WHAT YOU ARE ASKED TO DO. Starting at the first line of the entries below, please return exactly each line up to and including the one with "Bikini Trimmer for"; pictures stay out.

Captioned web images
════════════════════
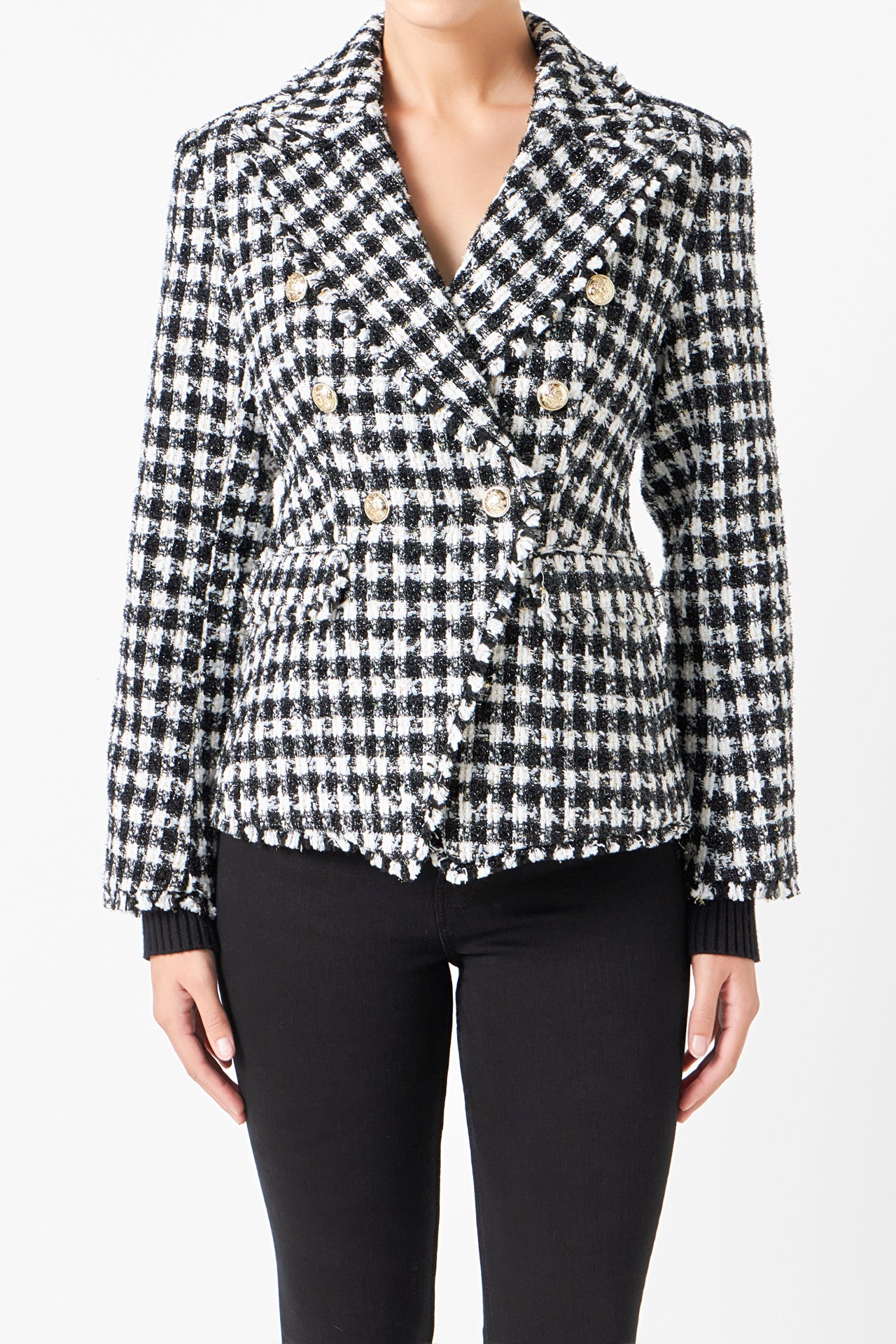 Tweed check outlet blazer womens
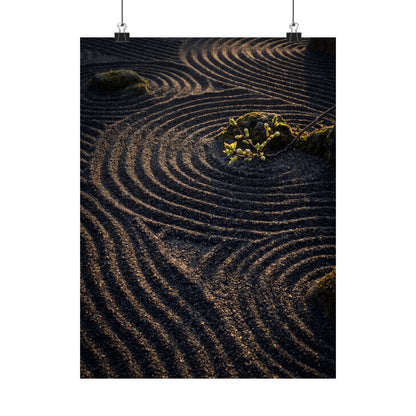 Rock Garden Shadow Zen Wall Art Print | Atmospheric Dark Japandi Art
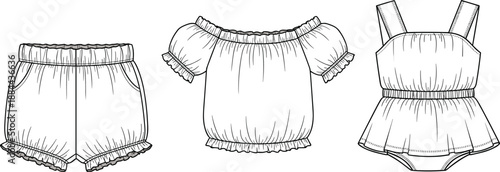  Children’s Summer Garment Sketches Ruffled Shorts, Puff Sleeve Top, Sleeveless Romper with Skirt Overlay – Black and White Line Art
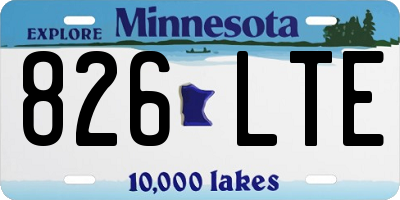 MN license plate 826LTE
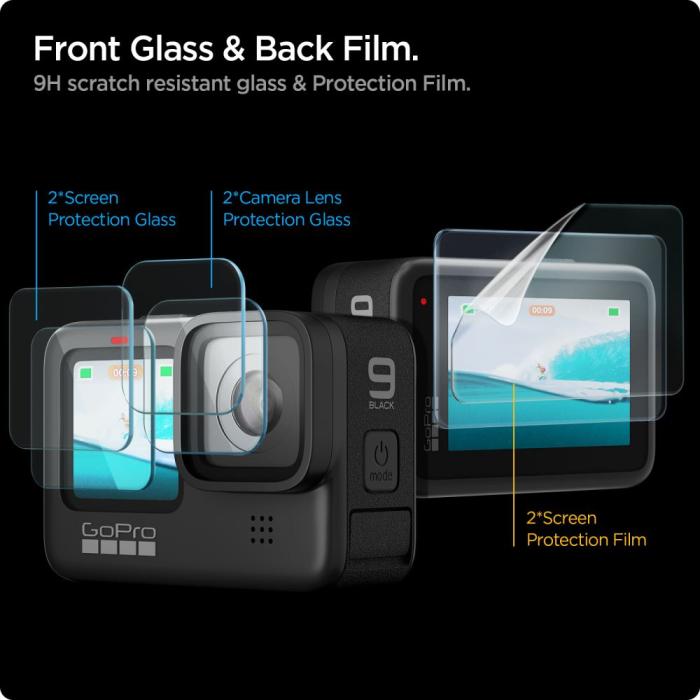 Bild 2, Spigen Spigen GoPro Hero 12/11/10/9 2-SET Glas.tR Slim + Film Transparent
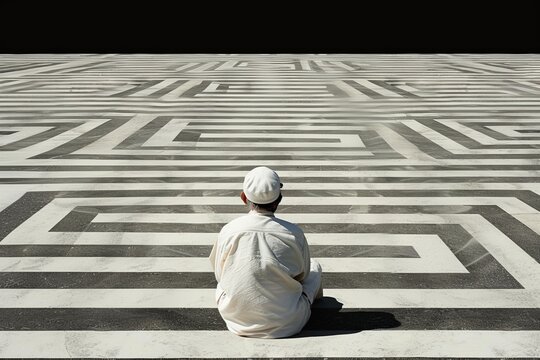Middle-aged man sits on large geometric pattern outdoors. Serene expression reflects deep thought during the daytime. - Powered by Adobe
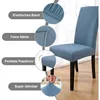 Stuhlhussen 4er Set Stretch Graublau Elastisch Waschbar für Produktbild-Vorschau 3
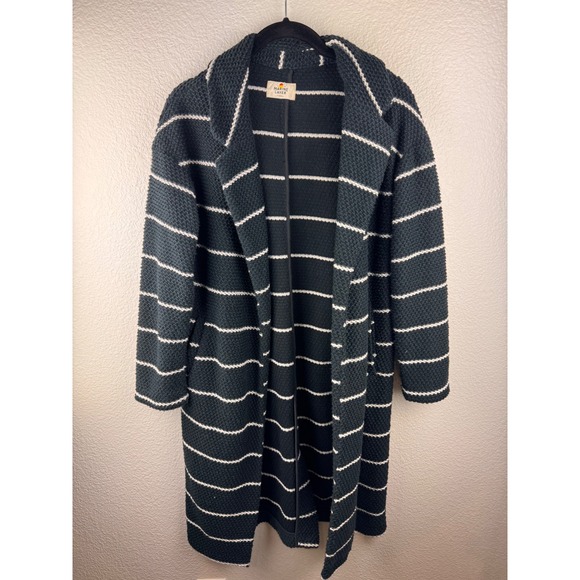 Marine Layer Sweaters - Marine Layer Striped Knit Cardigan Coatigan Womens XS Black White Long Sleeve‎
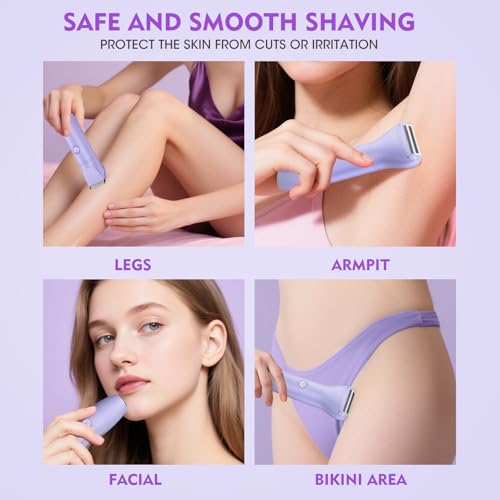 Bikini Trimmer for Women, 3 in 1 Electric Razors for Women, Waterproof Pubic Hair Trimmer and Facial Hair Remover, Rechargeable Electric Shaver for Underarm Leg Arm Body with LED Display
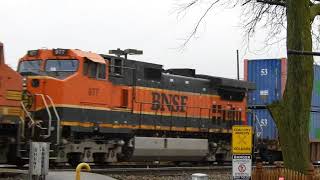 BNSF 7754 a ES44DC with a BNSF H1 scheme lead a Z train east in Coal City IL [upl. by Griffis]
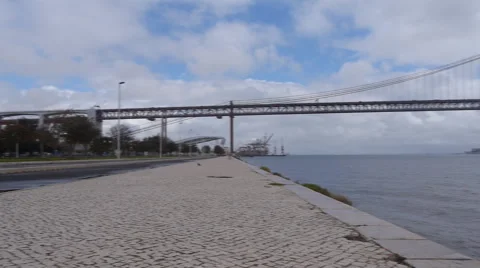 Pan of a bridge in Lisbon Stock Footage 69008826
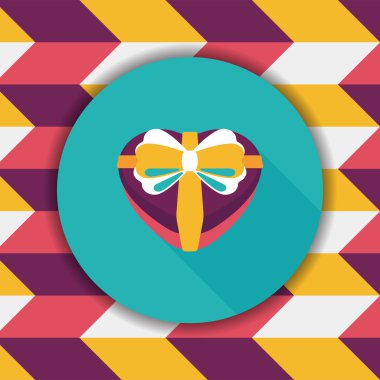 Uzun Gölge, eps10 Sevgililer günü hediyesi düz simgesiyle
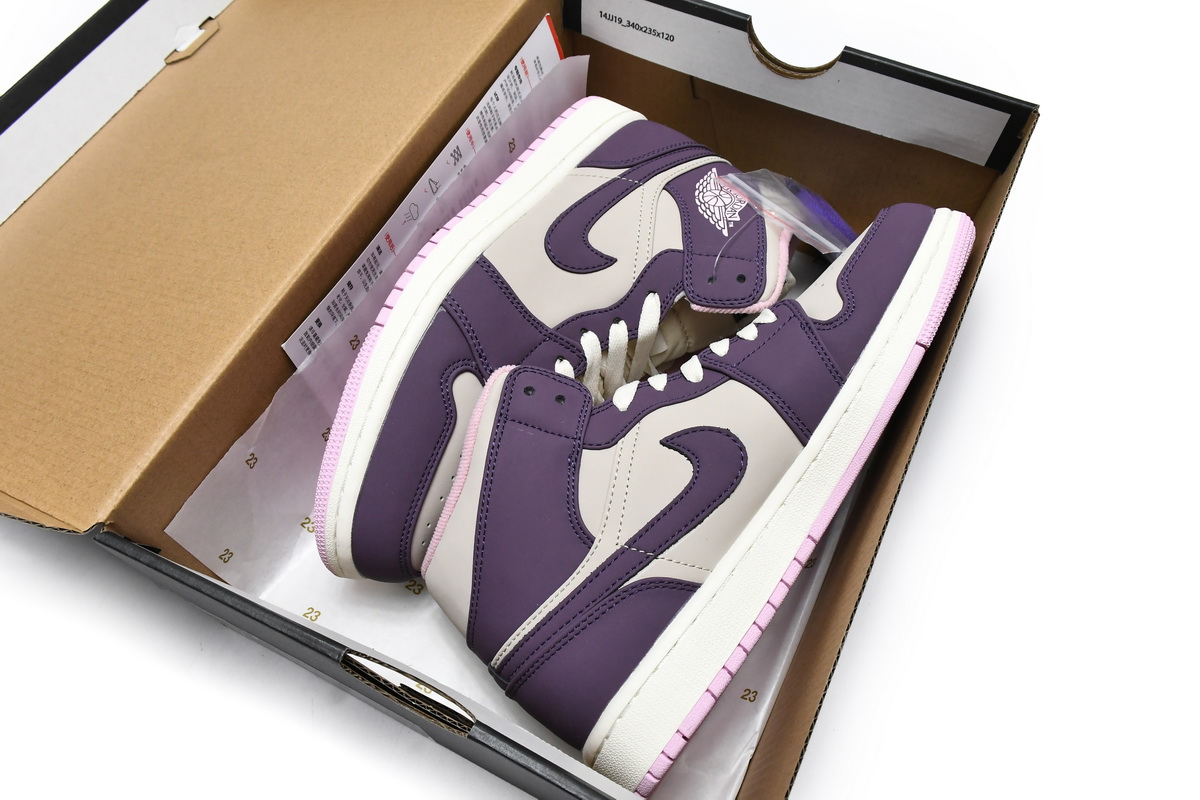 Air Jordan 1 Mid Pro Purple Desert Sand (GS) 555112-500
════════════════════
SOLUTION.
 Tweed check outlet blazer womens
 Rock Garden Shadow Zen Wall Art Print | Atmospheric Dark Japandi Art
  Children’s Summer Garment Sketches Ruffled Shorts, Puff Sleeve Top, Sleeveless Romper with Skirt Overlay – Black and White Line Art
 MN license plate 826LTE
 Bild 2, Spigen Spigen GoPro Hero 12/11/10/9 2-SET Glas.tR Slim + Film Transparent
Middle-aged man sits on large geometric pattern outdoors. Serene expression reflects deep thought during the daytime. - Powered by Adobe
 Stuhlhussen 4er Set Stretch Graublau Elastisch Waschbar für Produktbild-Vorschau 3
 Marine Layer Sweaters - Marine Layer Striped Knit Cardigan Coatigan Womens XS Black White Long Sleeve‎
 Bikini Trimmer for Women, 3 in 1 Electric Razors for Women, Waterproof Pubic Hair Trimmer and Facial Hair Remover, Rechargeable Electric Shaver for Underarm Leg Arm Body with LED Display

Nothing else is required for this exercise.